On August 23, 2012, Thursday night (10 pm EDT), NBC aired a 1-hour news show titled: Mormons in America. The goal of the show was to introduce Mormonism to the viewing public. I wasn’t very comfortable with the final product, but Richard Otterson, public affairs chief for the LDS Church, should be thrilled. The church was portrayed in a very favorable light.
I can remember the word “cult” coming up only once during the presentation. Yet certain aspects of the program, when mentally pieced together, made the church look a little like cult. The concept of absolute obedience did not come up, but others did like: (1) one interviewee stated something to the effect that that’s what Mormons “are programmed to do”; (2) bonding experience during LDS missions; (3) the excusivity of the temple (including for marriages); (4) Mormon’s group cohesion, etc. What was particularly unnerving for me was the interview with the multi-racial Jackson family of Lehi, Utah. There was a certain Stepford-wives feel to their practice of Mormonism.
The NBC program had two very positive segments, both reported by Harry Smith. One was on the LDS Church welfare system and the other was on the success of Mormons in business. The latter presentation made me a little uneasy for a couple of reasons:
- This segment had a “prosperity gospel” feel to it and
- The LDS Church has always placed a high value on education.

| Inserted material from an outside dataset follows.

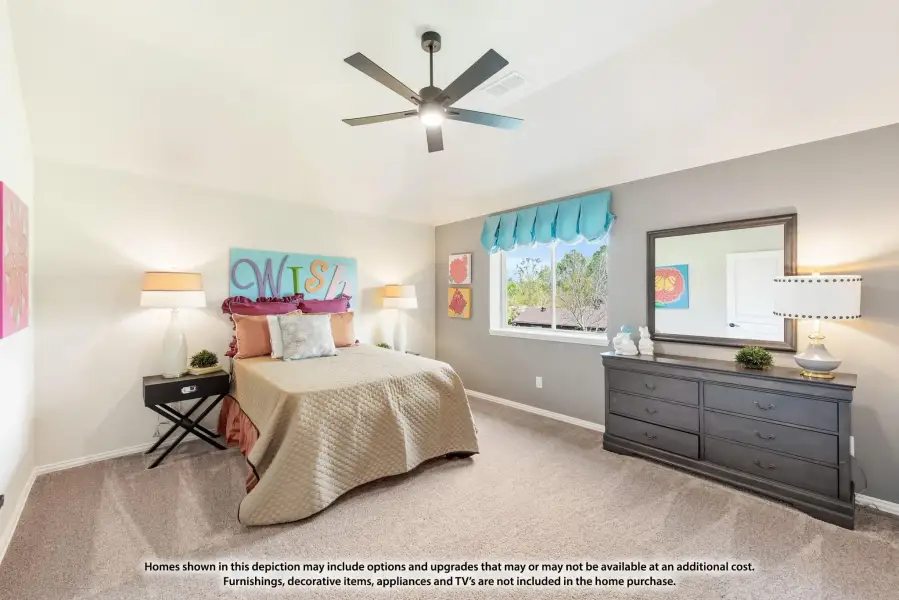 Bedroom with carpet, ceiling fan, dresser with mirror, and colorful wall art above the bed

And I think Mormons, are, on average, one of the better educated religious groups in the United States. So why can’t we be famous for our scientist, our technologists, our doctors, our engineers, etc.? Why is it always our business people?
Mormonism, based on the teachings of Joseph Smith, has one the best theological arguments for the compatibility of science and religion (if we can get past the Biblical literalists). I wish we as a church would emphsize this part of our religion more.

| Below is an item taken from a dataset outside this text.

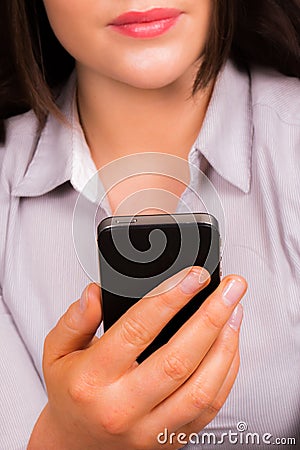 Beautiful young business women with iphone mobile device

Probably the most interesting and frustrating interview was with Abby Huntsman. Even though she is no longer a member, she generally spoke well of the church. But she did highlight a growing problem in the LDS Church, one which was generally unexplored in the NBC documentary: the inability of the church to hold on to many of its younger members. The way that the interview was edited, we only got a slight hint of why she had left the church.

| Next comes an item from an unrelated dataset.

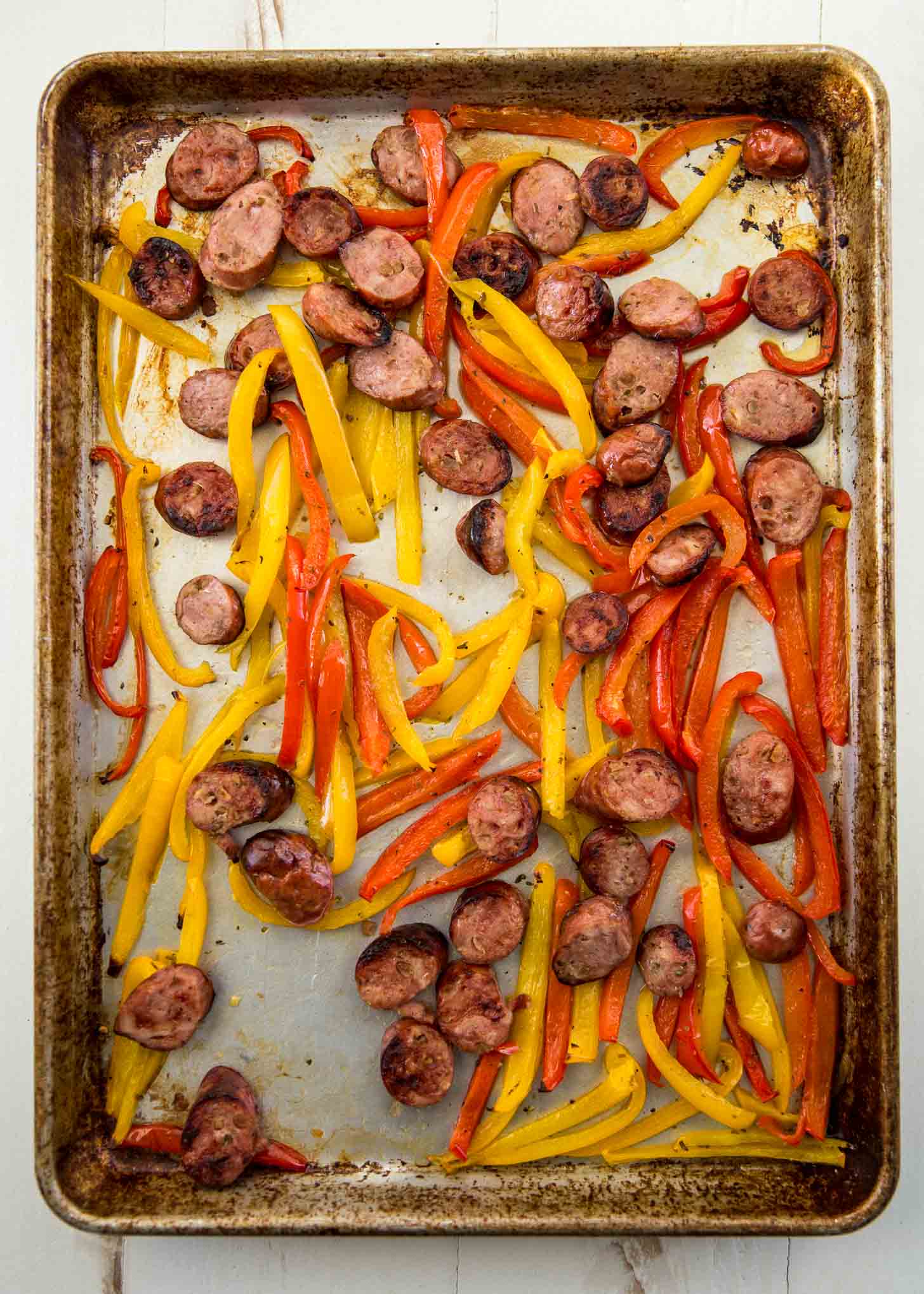 overhead image of cooked sausage and red and yellow peppers on a sheet pan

The NBC program managed to superficially mention the usual hot button issues: polygamy, baptisms for the dead, garments, closed wedding ceremonies, feminism, blacks and the priesthood ban, etc. They also had a short interview with Mitt Romney, and mentioned Big Love, the Osmonds, Steve Young, Harry Reid and The Book of Mormon musical. They ended with an interview with Clark Johnson, a gay actor performing in TBofM musical who has given up his LDS Church membership. Johnson spoke very favorably about his Mormon mission to Mexico and he emphasized that it had been a good experience for him (he was almost in tears when he talked about his mission). There were really no interviews in the documentary that were overly negative.